Yani şunu söyleyebiliriz:
- İstatistiklerde “dikkatimizi az sayıda yapay gruba yoğunlaştırıyoruz” ya da miktarları; Bir çeşit kataloglama veya nüfus sayımı yapıyoruz.
- Olasılıkta , bazı olaylar veya miktarlarla ilgili belirsizliğimizi hesaplıyoruz.
İkisi farklıdır ve birini diğeri olmadan yapabiliriz.
Örneğin, bir ulusun tüm nüfusunun tam bir nüfus sayımını yaparsak ve yaş, cinsiyet vb. Gibi belirli gruplara ait kişilerin tam sayısını sayarsak, istatistik yapıyoruz. Belirsizlik yoktur - olasılık vardır - çünkü bulduğumuz sayılar kesindir ve bilinir.

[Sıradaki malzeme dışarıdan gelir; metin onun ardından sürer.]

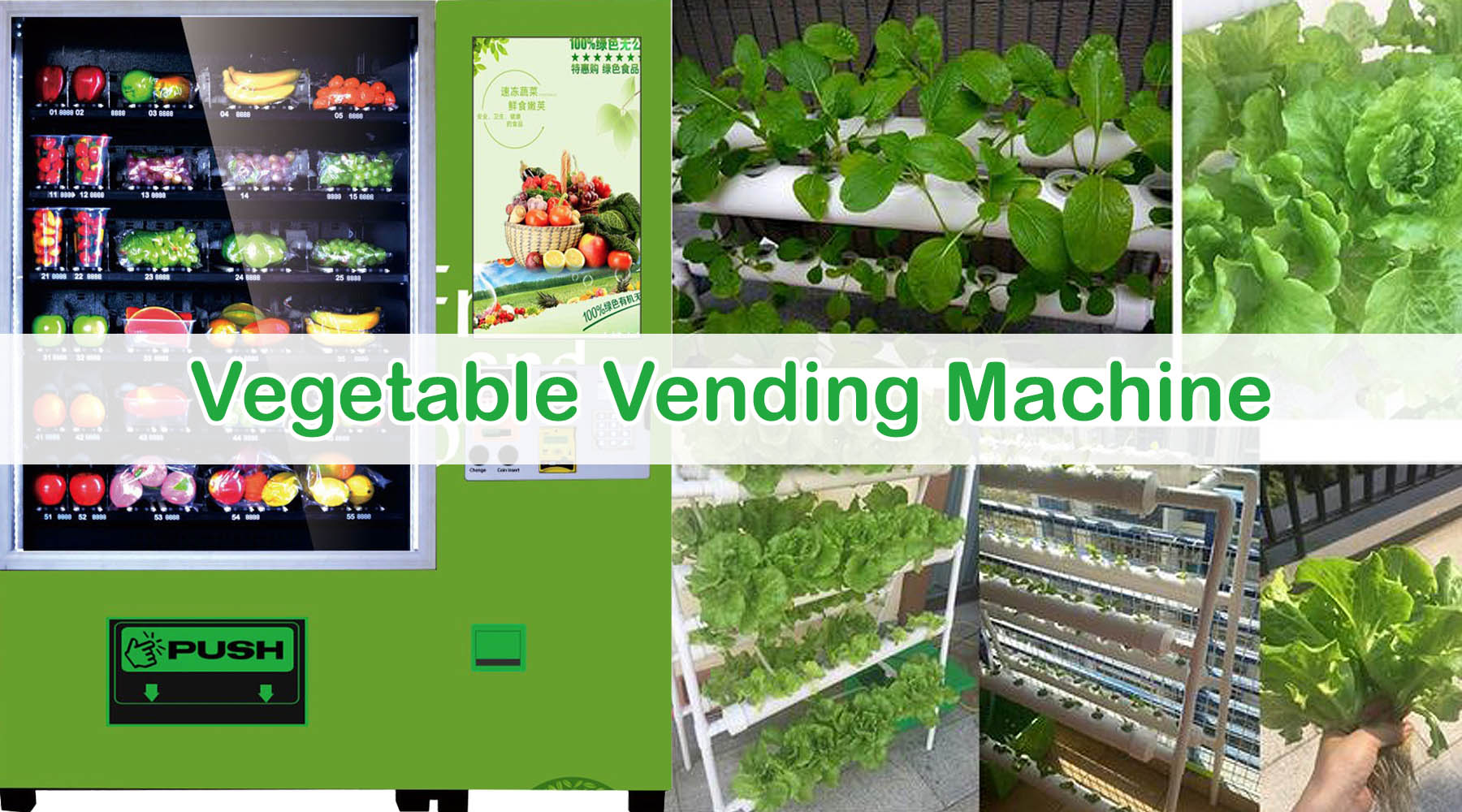 Vegetable vending deals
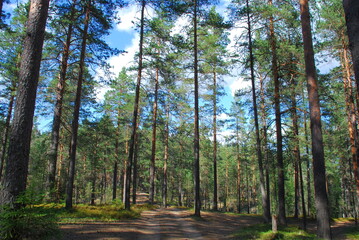 Summer day in the pine forest. Tall straight brown pine trunks in the forest. The sun illuminates the trees and the ground. Blueberries and moss grow on the ground, fallen needles lie.
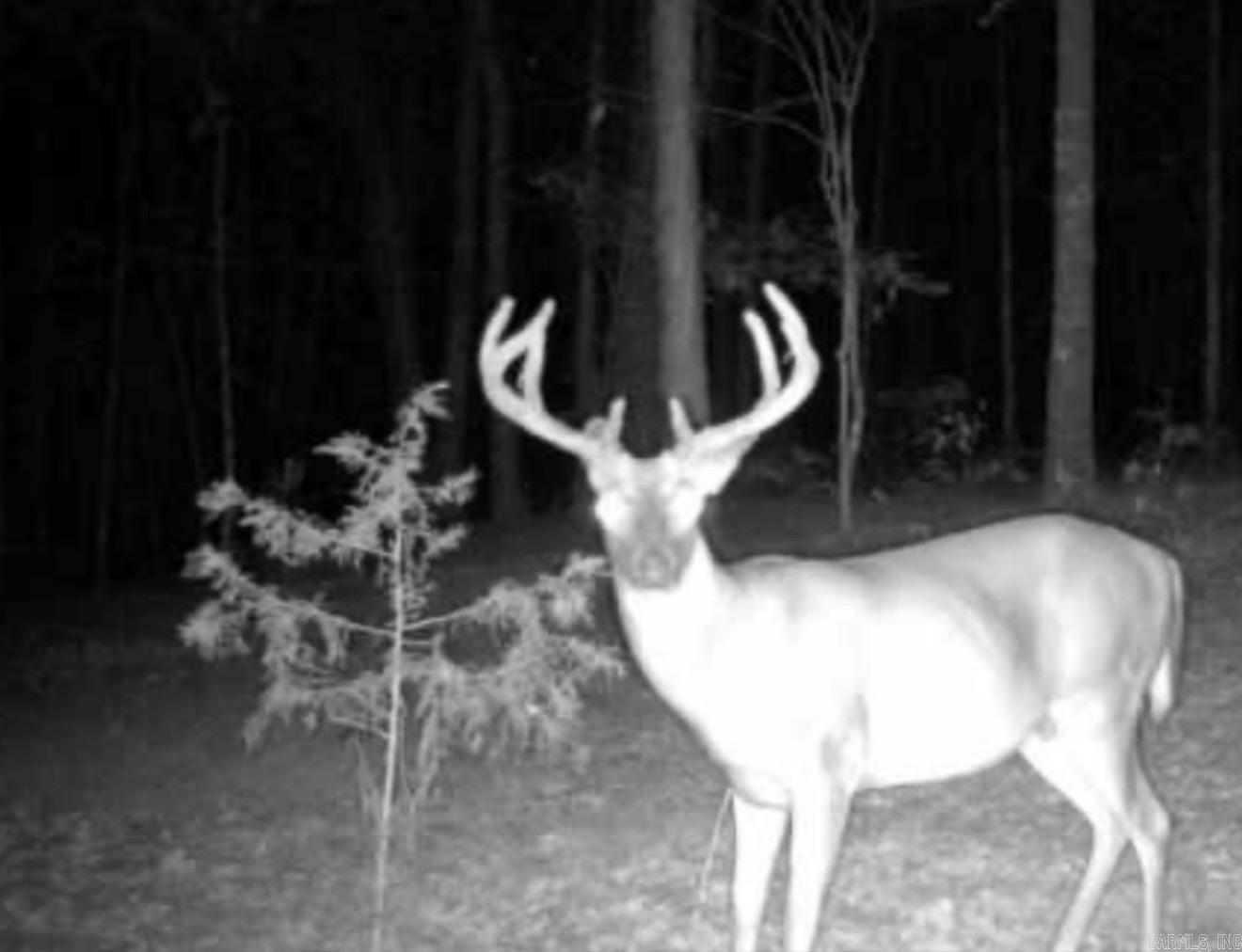 264 Mill Bridge Rd  Damascus, AR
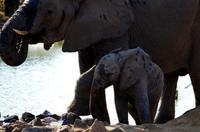 Timbavati Game Reserve - Safari - Elefant mit Baby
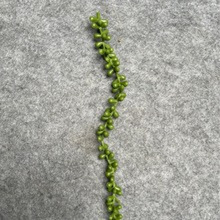 �羳TEMU����Gֲ���ˮ������������˜I�����ڒ�ֲ��Ғ������b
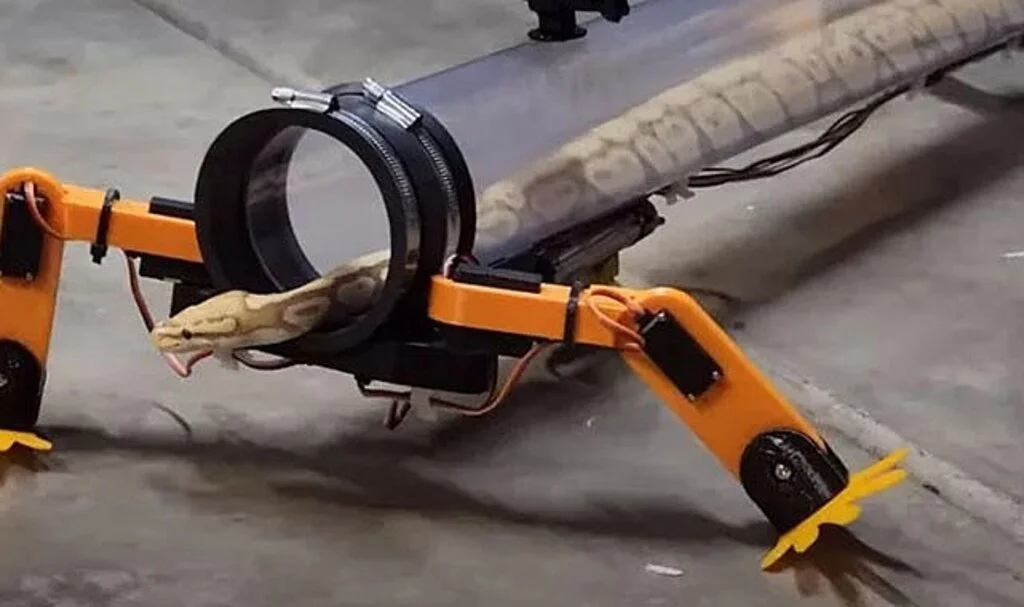 Yılanlardan özrünü robotik bacakla diledi: Pitona yürümesi için bacak taktı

Öte yandan, önümüzden sokakta geçen birini hayal edin ve yaşlarını merak ediyoruz. Bu durumda belirsiziz ve olasılık kullanıyoruz, ancak nüfus sayımı ya da kataloglama yapmadığımız için hiçbir istatistik mevcut değil.
Fakat ikisi birlikte de ortaya çıkabilir. Eğer bir nüfus sayımını tam olarak yapamazsak , belirli yaş-cinsiyet gruplarında kaç kişinin olduğunu tahmin etmeliyiz . Bu yüzden istatistik yaparken olasılık kullanıyoruz. Aksine, insanların yaşları hakkında kesin istatistiksel verileri göz önünde bulundurabiliriz ve bu verilerden karşımıza geçen kişi hakkında daha iyi bir tahminde bulunmaya çalışabiliriz. Bu nedenle, olasılık olasılığına karar verirken istatistikleri kullanıyoruz.